A única coisa que tornou os judeus únicos e poderosos nos tempos antigos foi sua união, seu altruísmo, e como demonstramos, essa foi a única coisa que Abraão e Moisés desejavam dar ao mundo. Inicialmente as nações nos acolhem em seu meio, esperando inconscientemente que partilhemos com elas essa qualidade. Mas ao descobrir que estamos dando-lhes o oposto, sua alegria se torna desilusão e cólera. Enquanto continuarmos a desapontar as nações, continuaremos a receber o mesmo tratamento, e a tendência demonstra que os meios pelos quais elas mostrarão sua desilusão se tornarão cada vez mais duros.
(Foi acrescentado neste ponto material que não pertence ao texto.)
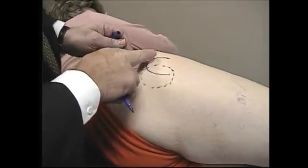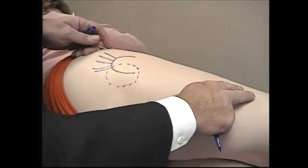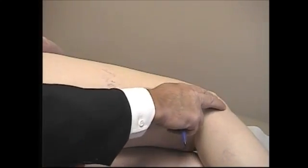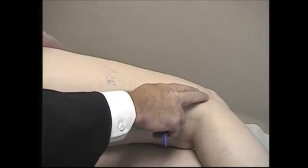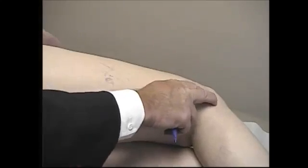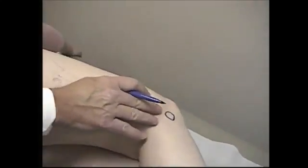In her case, she's radiating pain down into the knee along the IT band, and she has a little bit of bursitis now at Gerdy's tubercle, probably because she's changed her knee mechanics from the limping that she's been doing from her hip. So we're going to inject that also — we have the insertion of the IT band down here at Gerdy's tubercle.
[i] Sol Scharfstein, Compreendendo a História Judaica: Do Renascimento ao Século XXI (Impresso em Hong Kong, Ktav Publishing House, 1997), 163-164.
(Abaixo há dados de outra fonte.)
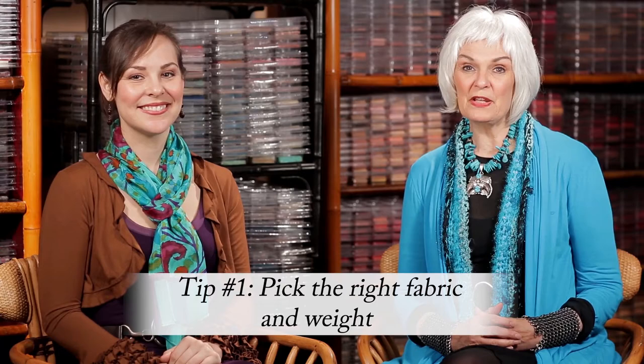Tip number one is picking the right fabric and the right weight. Because Dani's hair is visually lightweight, her scarf is lightweight. And because my hair has more volume — even though it's white, I've got a lot of it — I can wear a heavier weight fabric. So that's the first one: the right fabric and the right weight.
[ii] Salo W. Baron, “Gueto e Emancipação: Devemos Revisar os Tradicionais Pontos de Vista?” em: O Tesouro da Menorah: Colheita de Meio Século (Philadelphia: Publicação Sociedade Judaica da América, 1964), 52.

[iii] Salo W. Baron, “Gueto e Emancipação: Devemos Revisar os Tradicionais Pontos de Vista?” em: O Tesouro da Menorah: Colheita de Meio Século, 54-55.

[iv] Rabino Shmuel Bornstein, Shem MiShmuel [O Nome de Samuel], Vayakhel [E Moisés Reuniu], TAR’AV (1916)

[v] Assimilação e Comunidade: Os Judeus na Europa do século XIX, Ed: Jonathan Frankel, Steven J. Zipperstein (Reino Unido, Cambridge University Press, 1992), 8.

[vi] Assimilação e Comunidade: Os Judeus na Europa do século XIX, Ed: J. Frankel, SJ Zipperstein, 12.

[vii] “Emancipação”, Biblioteca Judaica Virtual, url: http://www.jewishvirtuallibrary.org/jsource/judaica/ejud_0002_0006_0_05916.html.

[viii] Werner Eugen Mosse, Revolução e Evolução: 1848 na História Judaico-Alemã (Alemanha, JCB Mohr (Paul Siebeck) Tübingen, 1981), 255-256.

[ix] Eugen Mosse, Revolução e Evolução: 1848 na História Judaico-Alemã, 260.

[x] Donald L. Niewyk, Os Judeus na Alemanha de Weimar (New Jersey, Transactions Publishers, New Brunswick, 2001), 95.

[xi] Niewyk, Os Judeus na Alemanha de Weimar, 84.

[xii] ibid.

[xiii] Cohn-Sherbok, O Paradoxo do Antissemitismo, XIV (Prefácio).

[xiv] Adolf Hitler, Mein Kampf (EUA, Noontide Press, 2003), 51.

[xv] Ludwig Feuerbach, A Essência do Cristianismo, trans. Marian Evans (Londres, John Chapman, 1843), 113.